* **RECORDS FOR THIS TASK**:

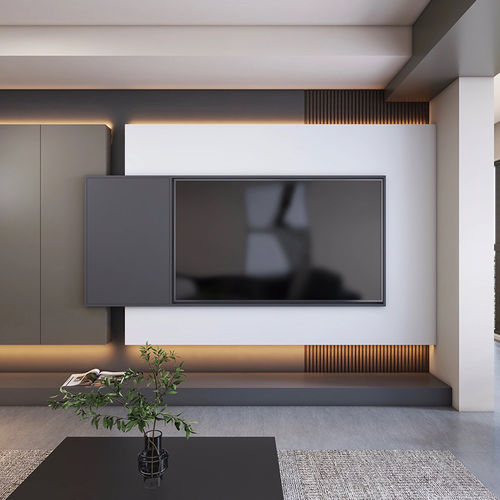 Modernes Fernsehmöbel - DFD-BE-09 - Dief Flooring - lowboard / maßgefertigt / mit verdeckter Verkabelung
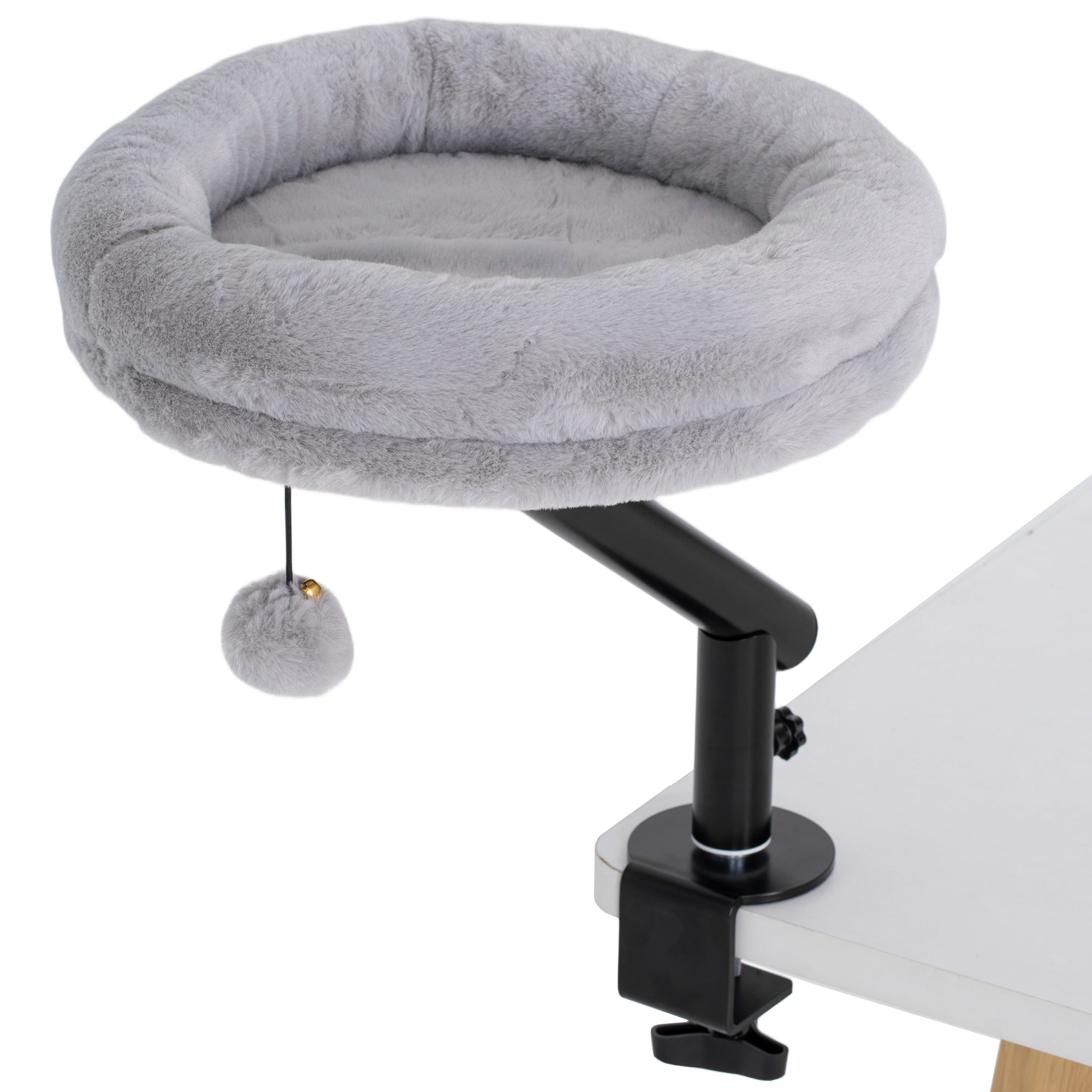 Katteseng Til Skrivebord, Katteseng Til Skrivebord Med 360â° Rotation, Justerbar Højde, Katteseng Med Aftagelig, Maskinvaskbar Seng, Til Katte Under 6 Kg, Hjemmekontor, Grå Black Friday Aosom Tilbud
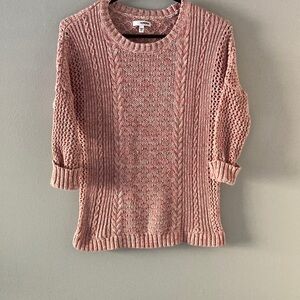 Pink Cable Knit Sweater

...

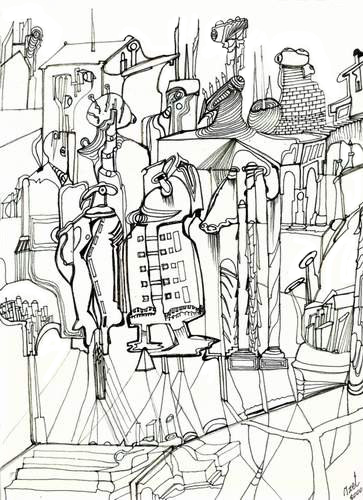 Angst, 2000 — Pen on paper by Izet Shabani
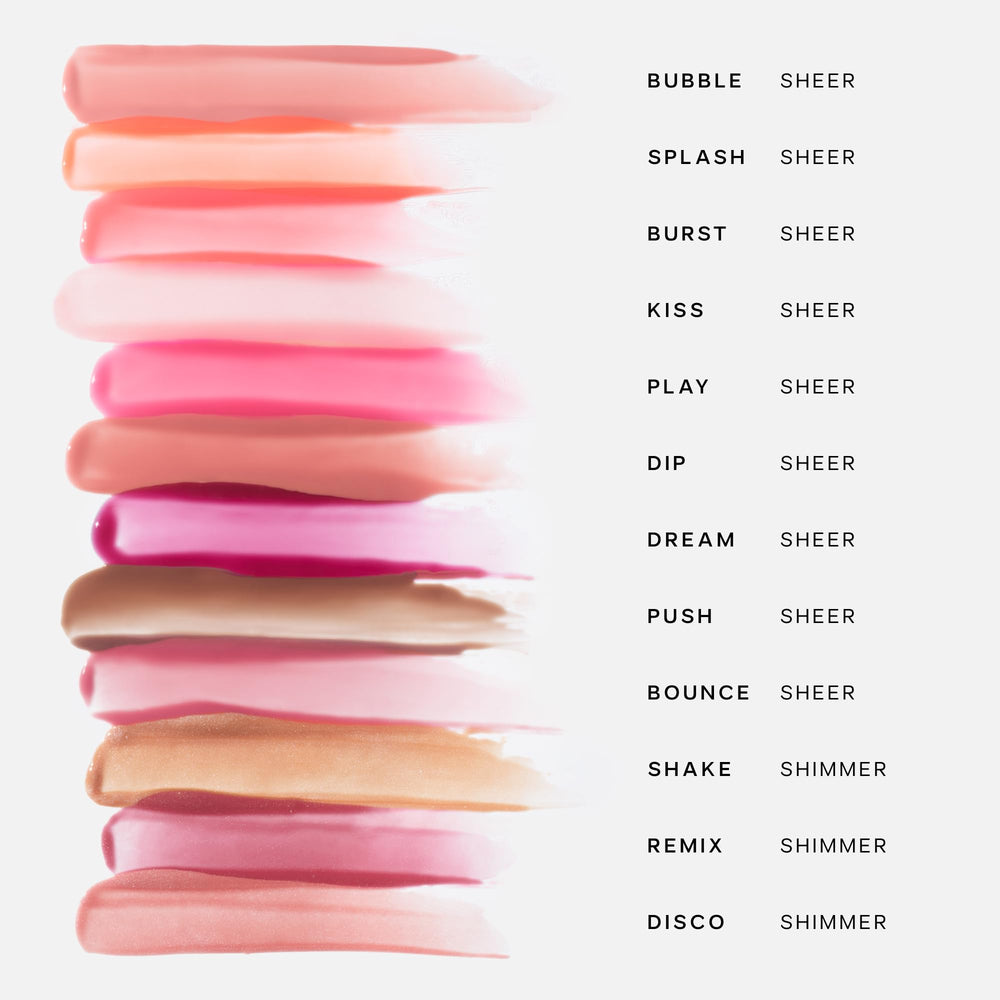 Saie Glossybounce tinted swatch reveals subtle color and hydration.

* **YOUR ASSIGNMENT**:
Using the entries above, transcribe exactly from the line that has "Angst, 2000 — Pen on paper by Izet Shabani" through the line that has "Saie Glossybounce tinted". Pictures are dropped.

* **RESPONSE BOX**:
 Angst, 2000 — Pen on paper by Izet Shabani
 Saie Glossybounce tinted swatch reveals subtle color and hydration.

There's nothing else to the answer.